Ils imposent aussi une obligation pour le sondeur de communiquer à la commission, dès la publication du sondage, une notice d'information comportant les principales données relatives à la réalisation du sondage, à savoir :

- l'objet du sondage ;

- la méthode selon laquelle les personnes interrogées ont été choisies, le choix et la composition de l'échantillon ;

- les conditions dans lesquelles il a été procédé aux interrogations ;

- le texte intégral des questions posées ;

- la proportion des personnes n'ayant pas répondu à chacune des questions ;

- les limites d'interprétation des résultats publiés ;

- s'il y a lieu, la méthode utilisée pour en déduire les résultats de caractère indirect qui seraient publiés.

Aux médias, la loi de 1977 impose deux obligations :

- celle de faire figurer dans la publication du sondage les mentions destinées à éclairer sur les conditions de réalisation du sondage, à savoir le nom de l'institut de sondage, le nom et la qualité de l'acheteur du sondage, le nombre des personnes interrogées ainsi que la ou les dates auxquelles il a été procédé aux interrogations ; notons que cette obligation de publication s'impose à chaque nouvelle publication : autrement dit, elle vaut tant pour la première publication que pour les éventuelles reprises par d'autres organes d'information ;

- celle de publier les mises au point que la commission des sondages pourrait lui adresser.

A ces obligations faites aux médias s'ajoutent deux interdictions :

- interdiction de commentaires qui altèrent la portée des résultats obtenus, c'est-à-dire de commentaires trompeurs ou tendancieux ;

- interdiction de publier un sondage électoral la semaine qui précède le scrutin.

D'autre part, la loi de 1977 a confié une mission de contrôle à une autorité dénommée « Commission des sondages », composée de neuf magistrats : trois membres du Conseil d'Etat, trois membres de la Cour de cassation et trois membres de la Cour des comptes.
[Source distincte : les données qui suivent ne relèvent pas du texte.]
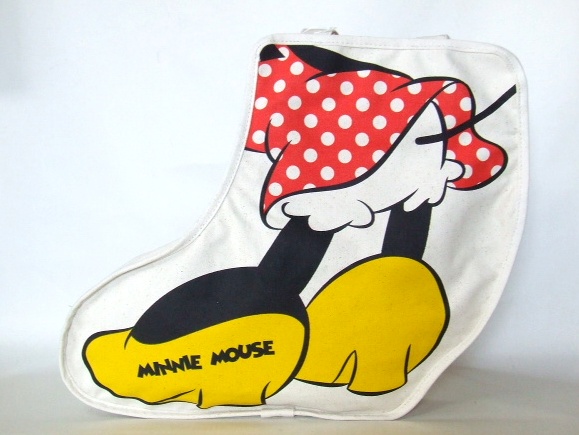 ディズニーの人気キャラクターミニーマウスのキュートなダイカットトートバッグが入荷しました！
Cette loi est longtemps demeurée inchangée : la loi n° 2002-214 du 19 février 2002 y a apporté certaines modifications qui peuvent s'articuler autour des objectifs suivants :

- assurer un meilleur équilibre entre la liberté d'expression et la libre détermination du corps électoral : le législateur a entendu tirer les conséquences d'un arrêt du 4 septembre 2001 par lequel la Cour de cassation a considéré que l'interdiction de publication des sondages d'opinion dans la semaine précédant un scrutin était incompatible avec les dispositions des articles 10 et 14 de la Convention européenne des droits de l'homme relatives à la liberté d'expression. La loi de 2002 a ainsi limité l'interdiction des sondages de caractère électoral à la veille et au jour du scrutin ;

- favoriser la transparence dans les conditions d'élaboration des sondages : d'une part, le législateur a souhaité que la publication ou la diffusion d'un sondage soit accompagnée du texte intégral des questions posées ; d'autre part, il a ouvert à toute personne le droit de consulter les notices d'information remises par les instituts de sondage à la commission des sondages. La loi a précisé que les personnes devaient être informées de l'existence de ce droit à consultation au moment de la publication du sondage ;

- renforcer la légitimité et le rôle de la commission des sondages : la loi a prévu que la commission comprendrait, outre les neuf magistrats prévus dès l'origine, deux personnalités qualifiées en matière de sondages . En outre, le Parlement a souhaité garantir un meilleur contrôle de la commission des sondages en prévoyant que la notice serait transmise à cette dernière non pas « à l'occasion de la publication du sondage » mais « avant » celle-ci. Enfin, la loi a renforcé, pendant la période de deux mois précédant le scrutin , les obligations en matière de publication ou de diffusion des mises au point de la commission des sondages. Il a été prévu que, dans ces circonstances, « la mise au point demandée par la commission des sondages doit être, suivant le cas, diffusée sans délai et de manière que lui soit assurée une audience équivalente à celle de ce sondage, ou insérée dans le plus prochain numéro du journal ou de l'écrit périodique à la même place et en mêmes caractères que l'article qui l'aura provoquée et sans aucune intercalation.»


* 9 Décrets n° s 78-79 du 25 janvier 1978 et 80-351 du 16 mai 1980.